O agente penitenciário Glauber Sousa foi baleado nessa quarta (28) na cidade de Lago da Pedra após passar por uma barreira da polícia para prender membros da quadrilha que assaltou o Banco do Brasil de Bacabal, no domingo (25).
Os policiais perseguiram o carro dele por mais de um quilômetro, suspeitando que era um bandido que dirigia. Os policiais atiraram no veículo até chegar em um povoado da cidade.

“Muito assustadas e chorando”, disse o professor.
Glauber acabou baleado na barriga e foi levado para um hospital. Na delegacia, ele disse que foi abordado por uma viatura descaracterizada e que não parou porque achou que eram bandidos.
“Imaginei que fossem bandidos e zelei pela minha vida. pela integridade física. Adentrei a estrada vicinal tentando me evadir. Houve alguns disparos, ao qual me pegou de raspão, mas a situação foi resolvida lá no hospital”, contou o agente penitenciário.

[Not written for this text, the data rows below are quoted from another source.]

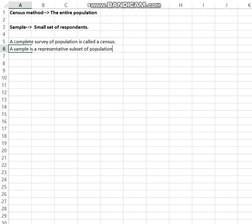A sample represents a limited number of items that represent the whole population — the entire universe. So we can say a sample is a representative subset of the population.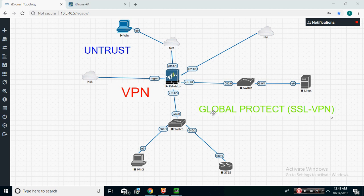Hi everyone, my name is Zaid Khan. We are going to start today with Global Protect SSL VPN. This is similar to Cisco AnyConnect — a feature that allows us to provide remote access to users, for example when they are working from home and need to access company resources.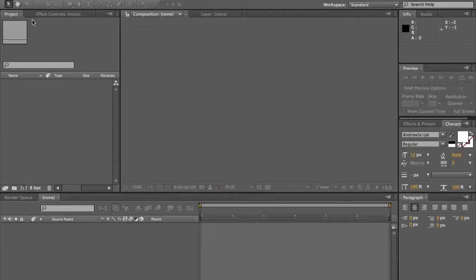Hey guys, what's up? It's Noah here from YourApplePlays.com and I have the second part of the After Effects tutorials. What we'll be learning today is how to simply animate text and get a composition going.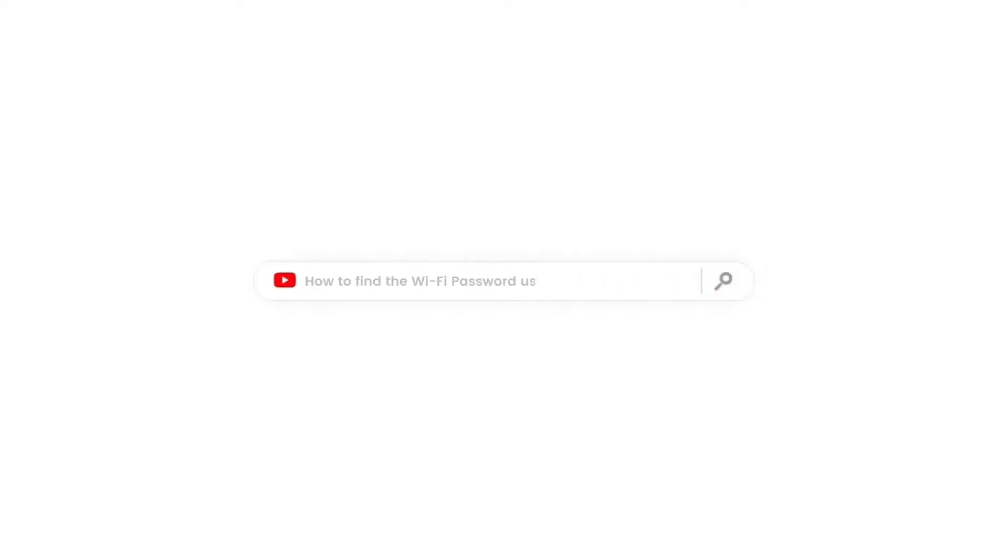In this video, we are going to show you how to find the Wi-Fi password using Command Prompt.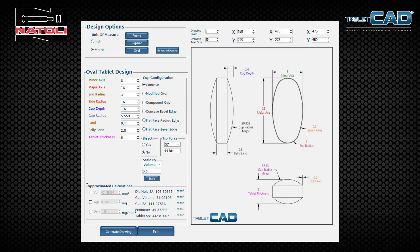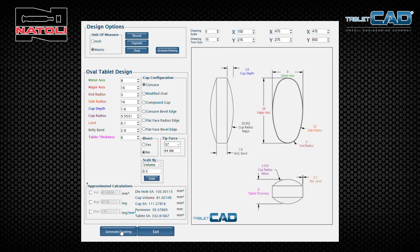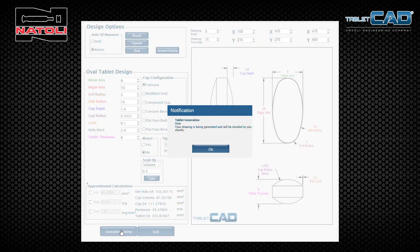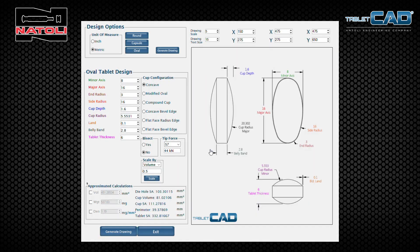Once you've designed a tablet and it is finalized, you can save it by clicking on generate drawing. Tablet CAD generates a PDF of this tablet drawing and emails it to your registered email address.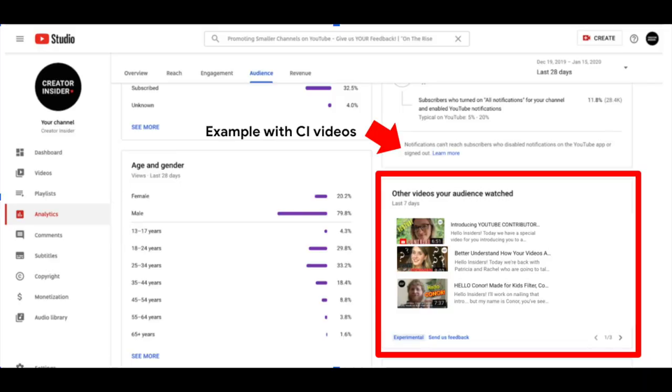Next up, we have some great news around the audience tab within Studio Analytics. You're going to be able to see videos that your audience has watched on YouTube that aren't your own — so you'll see the other things your audience is looking at. This gives you a great opportunity to get to know your audience better. It also allows you to dig into what other video topics and formats might suit your channel — think about this in terms of titles, thumbnail styles, and collaboration opportunities you might want to explore.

Barreiras ao redor de Bacabal
A polícia segue com barreiras pelas rodovias da região. Em Bacabal, moradores que saquearam a central de distribuição do Banco do Brasil estão devolvendo na delegacia o dinheiro que os assaltantes deixaram cair durante a fuga.
Até o momento, a polícia já recuperou quase R$ 4 milhões das mãos dos moradores. Os investigadores acreditam que os bandidos podem ter levado mais de R$ 100 milhões no assalto.

A Secretaria de Segurança Pública do Maranhão afirma que o líder do grupo que assaltou o BB de Bacabal é o assaltante baiano Zé de Lessa, que teria comandado o assalto do Uruguai. Durante o confronto entre policiais e assaltantes na noite do crime, um morador da cidade e três criminosos morreram.

A polícia também investiga o desaparecimento de um caminhoneiro de pernambuco chamado Obadias Pereira da Silva. Segundo a polícia, o caminhão dele foi usado pelos ladrões para fugir com o dinheiro roubado. O veículo foi encontrado queimado a 60 km de Bacabal.